It has been awhile since I’ve tickled the plastic ivories of my trusty laptop. Life gets busy. Or rather, life IS busy. Full stop. 24-7.
As a younger man, I never imagined myself having a full blown family. I did not regard myself as responsible enough or ‘together’ enough to manage the ups and downs of parenting and everything mundane in between, let alone maintain a career as a painter. Still, at some point (points… three of ’em), however, I became a full blown family man. It seems like a blink of an eye since my average day was concerned with nothing more than painting, cooking tasty meals with (sometimes with multi day prep involved) for Sarah and I and whatever other parentless vagabonds who drifted into our always-open-door-policy house, walking the dog and finally, choosing two movies from the corner video store in Cannington (Brockbuster… in Brock township) for the approaching night on the couch.

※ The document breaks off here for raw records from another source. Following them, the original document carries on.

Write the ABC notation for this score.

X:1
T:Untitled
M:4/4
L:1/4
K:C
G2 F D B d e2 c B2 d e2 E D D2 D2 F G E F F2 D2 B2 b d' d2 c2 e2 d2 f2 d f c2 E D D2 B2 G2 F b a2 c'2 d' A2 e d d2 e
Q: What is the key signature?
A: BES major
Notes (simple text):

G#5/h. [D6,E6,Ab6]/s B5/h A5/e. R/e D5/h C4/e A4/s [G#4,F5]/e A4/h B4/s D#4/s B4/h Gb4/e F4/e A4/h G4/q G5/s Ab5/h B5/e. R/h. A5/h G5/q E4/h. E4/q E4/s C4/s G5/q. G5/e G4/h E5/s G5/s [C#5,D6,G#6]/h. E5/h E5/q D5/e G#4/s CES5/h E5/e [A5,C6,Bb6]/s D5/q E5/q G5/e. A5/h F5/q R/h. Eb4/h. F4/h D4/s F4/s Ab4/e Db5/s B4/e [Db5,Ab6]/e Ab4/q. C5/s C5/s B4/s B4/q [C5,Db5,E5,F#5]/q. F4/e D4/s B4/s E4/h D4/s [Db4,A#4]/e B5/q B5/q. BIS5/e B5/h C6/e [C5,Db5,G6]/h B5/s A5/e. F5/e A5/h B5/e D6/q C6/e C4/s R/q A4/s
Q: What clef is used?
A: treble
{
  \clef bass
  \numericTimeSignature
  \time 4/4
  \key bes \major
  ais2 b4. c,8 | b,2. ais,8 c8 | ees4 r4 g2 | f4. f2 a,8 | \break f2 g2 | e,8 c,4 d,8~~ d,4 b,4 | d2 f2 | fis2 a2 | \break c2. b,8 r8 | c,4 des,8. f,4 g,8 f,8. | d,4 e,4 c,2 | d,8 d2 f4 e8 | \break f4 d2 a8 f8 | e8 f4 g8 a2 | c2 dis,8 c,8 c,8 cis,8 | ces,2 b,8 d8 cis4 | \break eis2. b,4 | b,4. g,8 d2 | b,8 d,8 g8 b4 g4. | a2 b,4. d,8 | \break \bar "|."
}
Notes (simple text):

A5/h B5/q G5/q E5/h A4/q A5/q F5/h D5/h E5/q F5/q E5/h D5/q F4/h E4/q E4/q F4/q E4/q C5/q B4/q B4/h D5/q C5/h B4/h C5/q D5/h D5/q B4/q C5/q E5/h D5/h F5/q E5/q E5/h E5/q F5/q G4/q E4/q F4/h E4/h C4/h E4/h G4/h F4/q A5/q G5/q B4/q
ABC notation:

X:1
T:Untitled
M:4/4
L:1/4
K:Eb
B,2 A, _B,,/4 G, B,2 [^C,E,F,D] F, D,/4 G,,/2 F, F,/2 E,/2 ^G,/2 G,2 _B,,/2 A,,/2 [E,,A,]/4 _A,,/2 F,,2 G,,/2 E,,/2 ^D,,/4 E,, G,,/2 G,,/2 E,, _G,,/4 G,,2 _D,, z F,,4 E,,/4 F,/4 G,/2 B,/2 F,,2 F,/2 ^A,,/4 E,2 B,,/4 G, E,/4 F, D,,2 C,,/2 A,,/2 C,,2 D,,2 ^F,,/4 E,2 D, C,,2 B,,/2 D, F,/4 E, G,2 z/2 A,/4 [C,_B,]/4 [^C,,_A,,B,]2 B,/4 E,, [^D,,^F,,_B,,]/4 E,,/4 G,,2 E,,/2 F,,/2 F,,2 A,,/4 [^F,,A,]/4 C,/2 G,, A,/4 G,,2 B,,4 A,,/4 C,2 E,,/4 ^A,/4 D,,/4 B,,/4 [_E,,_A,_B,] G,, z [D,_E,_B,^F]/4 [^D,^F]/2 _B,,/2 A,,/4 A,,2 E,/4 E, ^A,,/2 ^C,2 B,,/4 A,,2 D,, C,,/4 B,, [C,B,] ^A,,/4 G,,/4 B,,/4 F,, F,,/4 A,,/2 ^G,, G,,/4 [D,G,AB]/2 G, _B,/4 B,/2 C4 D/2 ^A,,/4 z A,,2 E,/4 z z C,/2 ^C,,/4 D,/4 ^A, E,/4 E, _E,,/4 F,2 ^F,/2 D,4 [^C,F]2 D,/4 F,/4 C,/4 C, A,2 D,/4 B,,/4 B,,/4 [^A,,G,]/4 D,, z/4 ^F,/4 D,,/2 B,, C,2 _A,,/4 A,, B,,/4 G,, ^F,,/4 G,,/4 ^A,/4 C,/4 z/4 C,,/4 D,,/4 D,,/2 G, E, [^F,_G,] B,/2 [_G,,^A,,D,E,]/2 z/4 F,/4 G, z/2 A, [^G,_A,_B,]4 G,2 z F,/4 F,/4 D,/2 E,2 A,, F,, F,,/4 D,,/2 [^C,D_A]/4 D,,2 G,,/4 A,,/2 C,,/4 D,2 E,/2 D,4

Cut to today and I don’t think I could adequately describe the flurry of action that occurs during my (daylight) waking hours. There is no start and no finish. A task followed by a task and then three more tasks, some of them in the middle of the night (many of them, in fact). Somewhere in there, I am lucky enough to be able to get in the the studio and pull off some coffee fuelled painting from time to time.
Please, dear readers, read no note of woe here – this is merely observation – make of it what you will. It is easy to look back on such times of bucolic pleasantries and have a note or two of nostalgia creep in, but I quickly remember the boisterous vitality that now pumps in our house’s veins. It is a lot, but it is a loving lot, so I do not lament a little loss of the Life of Riley. There may be stark contrast between the lifestyle of no children and the one with tonnes of children, but the two cannot really be compared, at least not whilst also maintaining sanity. So different are those paths that when they diverge, they never meet again and one can sometimes scarcely remember what it was like to sleep in to whatever time you once deemed appropriate.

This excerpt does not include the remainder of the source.